The people around him react to his behavior in a variety of ways. Pina, as she's affectionately called by Claudius, can't see what he's becoming, especially now that she's bereft of the disciplining influence of the boy's father. Antonia is horrified and disgusted by the boy. Claudius, uncharacteristically unperceptive here, seems to see him as a naughty little scamp who just needs a good talking to. Livia is the one character who learns the full truth about him, and thus comes to the most correct assessment (though Antonia gets there too).

In a riot of a scene, we find out quite unexpectedly that Martina (Patsy Byrne), a Syrian (with a Yorkshire accent) who was hired to conduct the poisoning, has been removed from protective custody not by Sejanus, who's on the hunt in order to silence her, but by Livia, who tracked her down before her son's resident Stephen Miller could do so himself. The two women eat snacks and drink wine and talk shop about poison; Livia proves so knowledgeable that Martina expresses regret she's not able to practice her craft. "You'd be very good!" she enthuses.
"Thank you," Livia deadpans.
In the end it seems Livia may have practiced on Martina herself, in order to silence the pesky witness, but the old woman assures the poisoner it's just gas. "Do you seriously think that if I wanted to dispose of you, I'd stoop to doing it myself?"
But the main takeaway of the scene is that Martina was not alone in killing Germanicus. She had an inside man, or rather an inside boy: Caligula. Playing on the boy's malignant narcissism — he believes he is a god — Martina convinces him gods should be able to kill a man if they want to, and sets up Germanicus to take the fall. He placed the cursed artifacts and helped administer the poison, in part because he hated his father's strictness, in part just for fun. He's that kind of kid. Let's hope he never moves up the ladder, eh? Eh??

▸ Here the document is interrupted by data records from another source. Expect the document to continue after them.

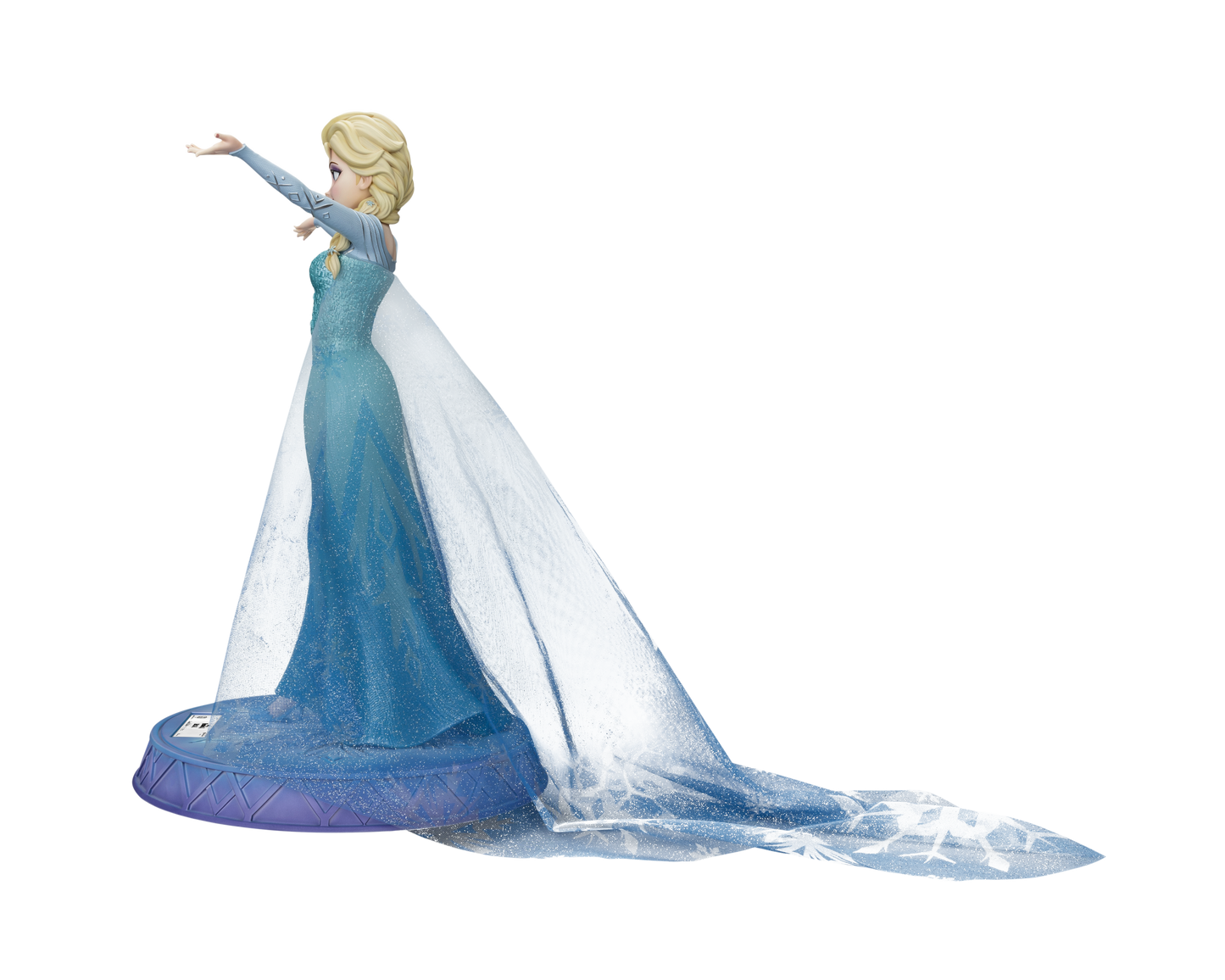 PRE ORDER – MC-087 FROZEN MASTER CRAFT ELSA LET IT GO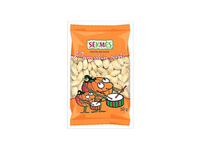 Kepintos ir sūdytos moliūgų sėklos SĖKMĖS, 50 g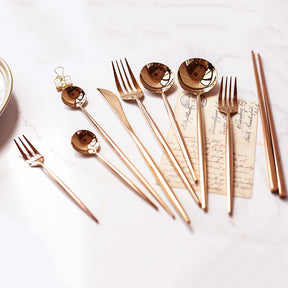 San Francisco Set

Despite his young age and limited range of affect, child actor Robert Young lights up the screen as Caligula, whose insanity and depravity radiate from him in waves that everyone else mistakes for mischief. You can believe this kid would both come running to his mommy from a nightmare, then try to burn the house down with everyone in it.

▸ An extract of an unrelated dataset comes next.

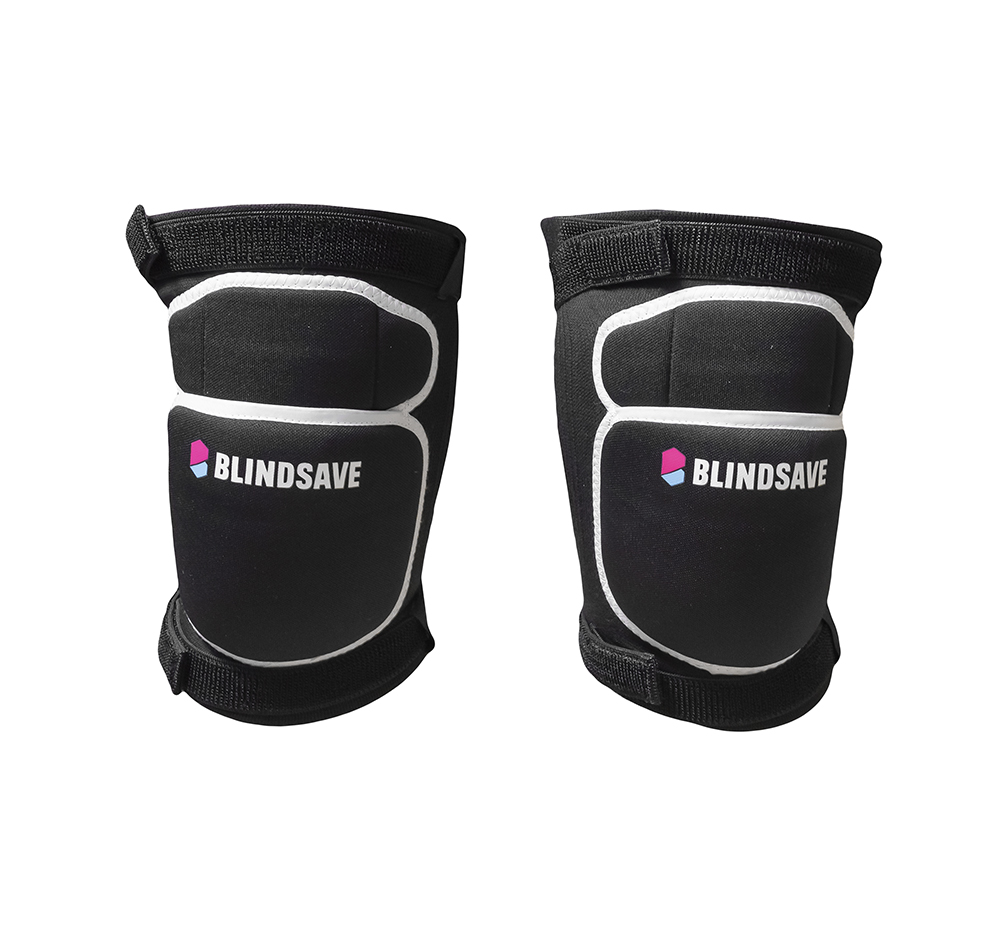 Blindsave Lite Kneepads JR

However, it's Johns and Hamilton who command the episode as Piso and Plancina, the grasping couple at the center of the firestorm. As portrayed by Johns, Piso is a gasbag in the classic self-important senator vein. He's all bug eyes and bluster, a lot of "They'll rue the day they crossed Gnaius Calpurnius Piso!", that kind of thing.
Plancina comes across as the more competent of the two, but even though she's sharper than her pompous spouse, Hamilton conveys both her pettiness — Germanicus died in part because he and Agrippina gave them bad seats at a feast once — and, before long, her growing realization that she and Piso have doomed themselves by meddling with people too powerful to be meddled with.

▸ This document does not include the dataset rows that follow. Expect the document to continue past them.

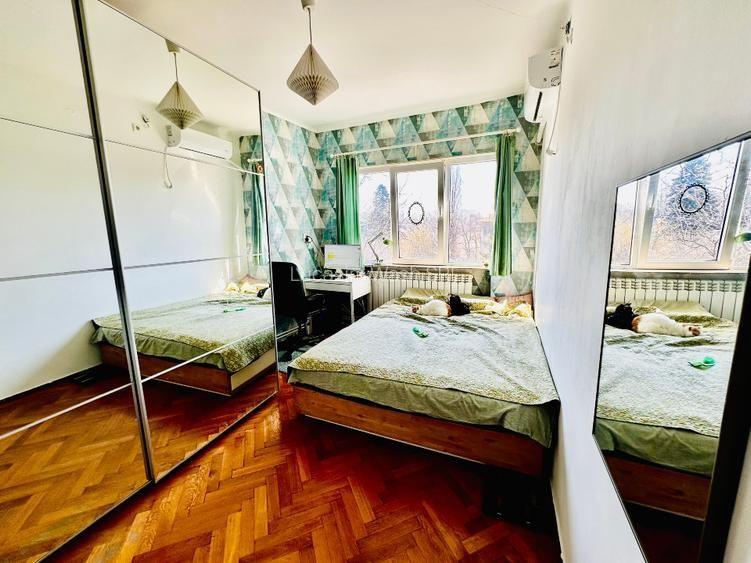PROPRIETAR: Apartament 3-4 camere Cotroceni (Str. Lister) – Renovare2026 - 6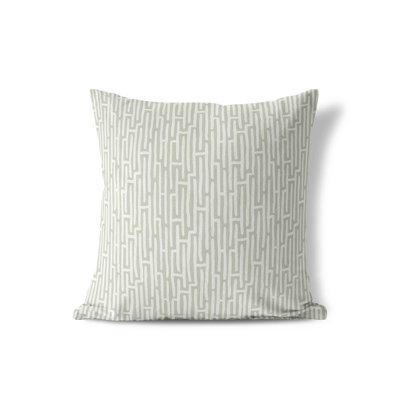 Coussin Twilight Labyrinth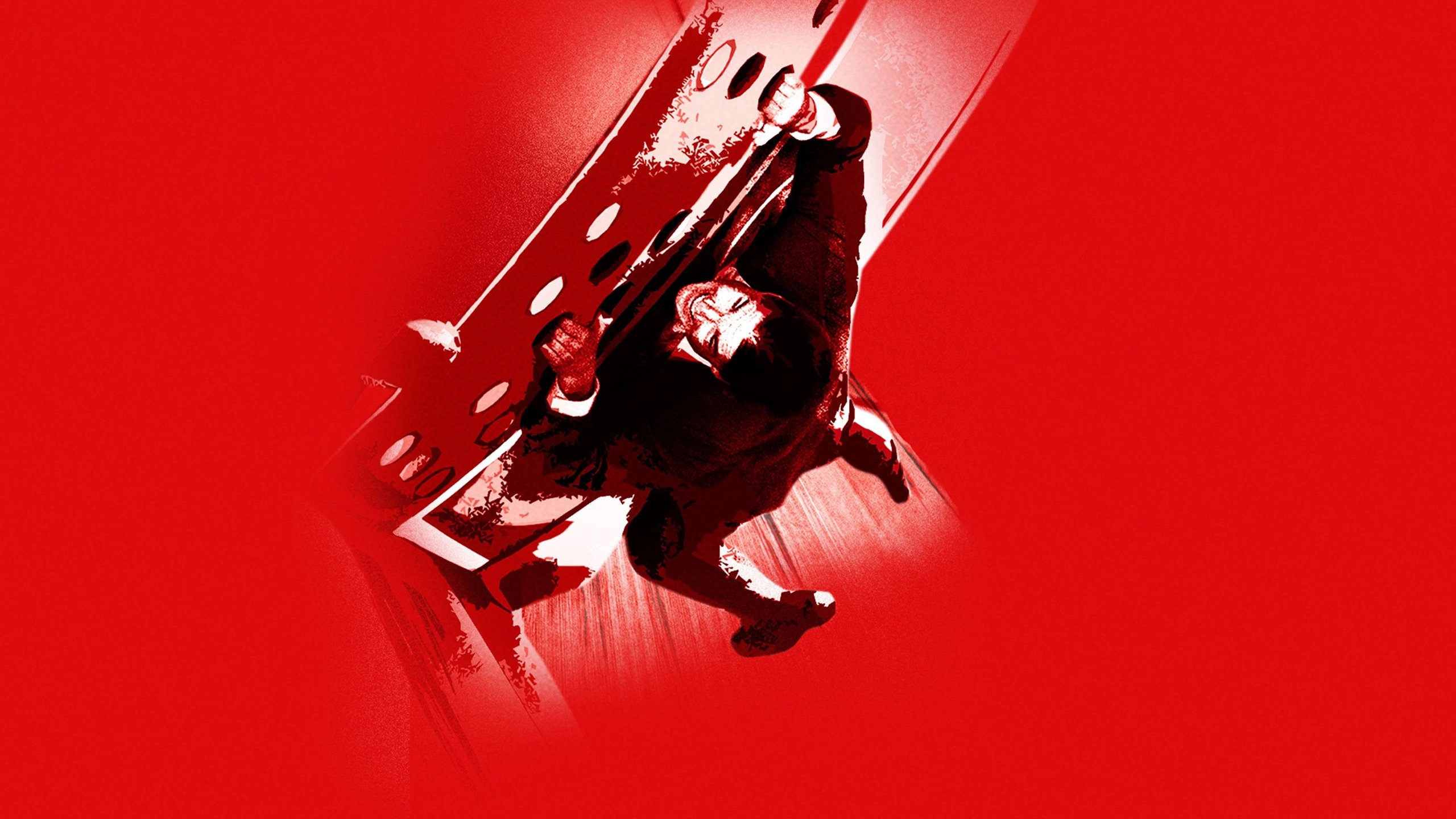 Mission: Impossible - Rogue Nation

Sure enough, Tiberius cuts them loose. I'd say he's unhappy about it, but he's unhappy about literally everything. Primarily, his hand is forced by the mob, whose cries for vengeance will find an outlet one way or another. Better to throw them Piso and be done with it, the ruthless Sejanus suggests. The matter becomes particularly tricky when his own son, Castor, helps Claudius and Agrippina move Piso and Plancina's trial for murder and treason to the Senate rather than the courts. There, Tiberius must preside, and in effect stand trial with them.
The trial is a debacle. How could it not be? The judge, who is also the emperor, is an unindicted coconspirator who's actively trying to hunt down and kill the star witness. Everything depends on Piso's ability to strike just the right balance of obsequiousness and veiled threats; needless to say, he overbalances. He produces letters bearing the Imperial seal that provided him with instructions to try to take control in Syria and brandishes them in the Senate, knowing only the Emperor himself can allow them to be read. He figures their existence is enough to send a message to the Senate about who was really calling the shots.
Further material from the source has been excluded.